Comme tout écrivain, Handke creuse dans la langue une langue étrangère. Il y va avec les mains, je l'imagine les ongles pleins de terre, entouré d'arbres, hiver, été. […] L'humain est un élément du paysage parmi d'autres : ce renversement un peu chinois bouscule notre Occident. Du coup, habiter est une activité à part entière, comme aimer, marcher, ou respirer.

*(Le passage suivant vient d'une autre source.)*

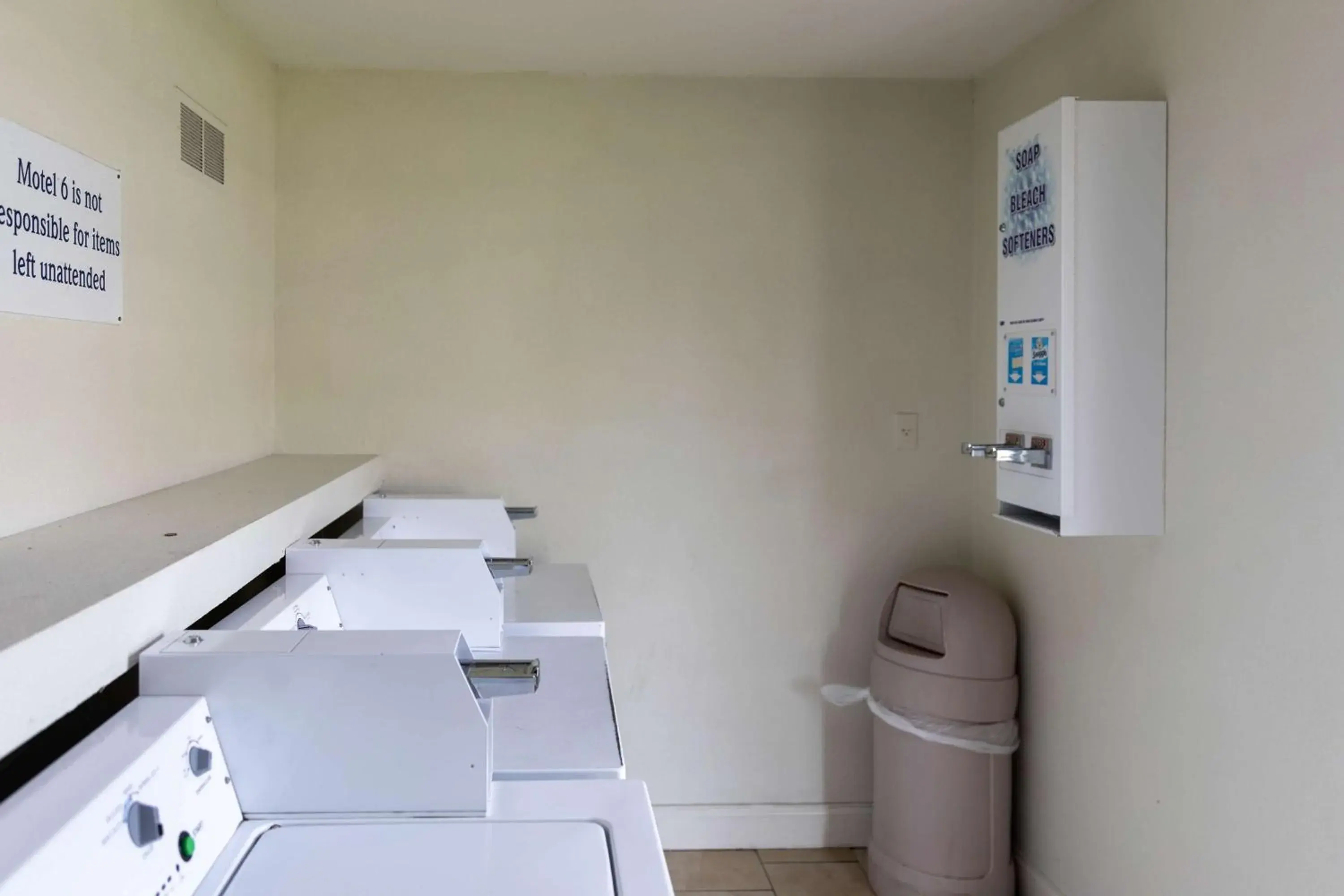 Property building in Motel 6-Lufkin, TX Property building in Motel 6-Lufkin, TX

Ville ou forêt, rue ou sentier, autoroute ou voie navigable : l'écriture se fait selon ces différentes vitesses. Et aussi selon l'alternance entre l'incertitude, longue, et la certitude, brutale. Le passage incessant de l'une à l'autre est une des formes du désir, dans les voix des récits de Handke. Le manque, l'attente, et des épiphanies soudaines, au fil du temps. L'ambivalence se résout par stases, par pauses géographiques : un lieu est reconnu, puis un arrachement, de douceur en violence, de lenteur en accélération.
Handke est de ces écrivains dont les titres seuls racontent un « voyage au pays sonore », « par les villages », un « poème à la durée ». Évidemment, c'est une écriture musicale. Mais c'est aussi une croissance dans l'espace. Aranjuez, du dernier dialogue, est un jardin où poussent les mots, entre faim et soif inassouvies : « et chaque A et chaque O devient éternité ». L'énigme demeure, qui ne demande à être ni élucidée ni même nommée. Elle est écrite, constatée : rien ne se raconte mais le mystère est sous nos yeux, ouvert comme une corolle, fermé comme les « pétales des liserons ».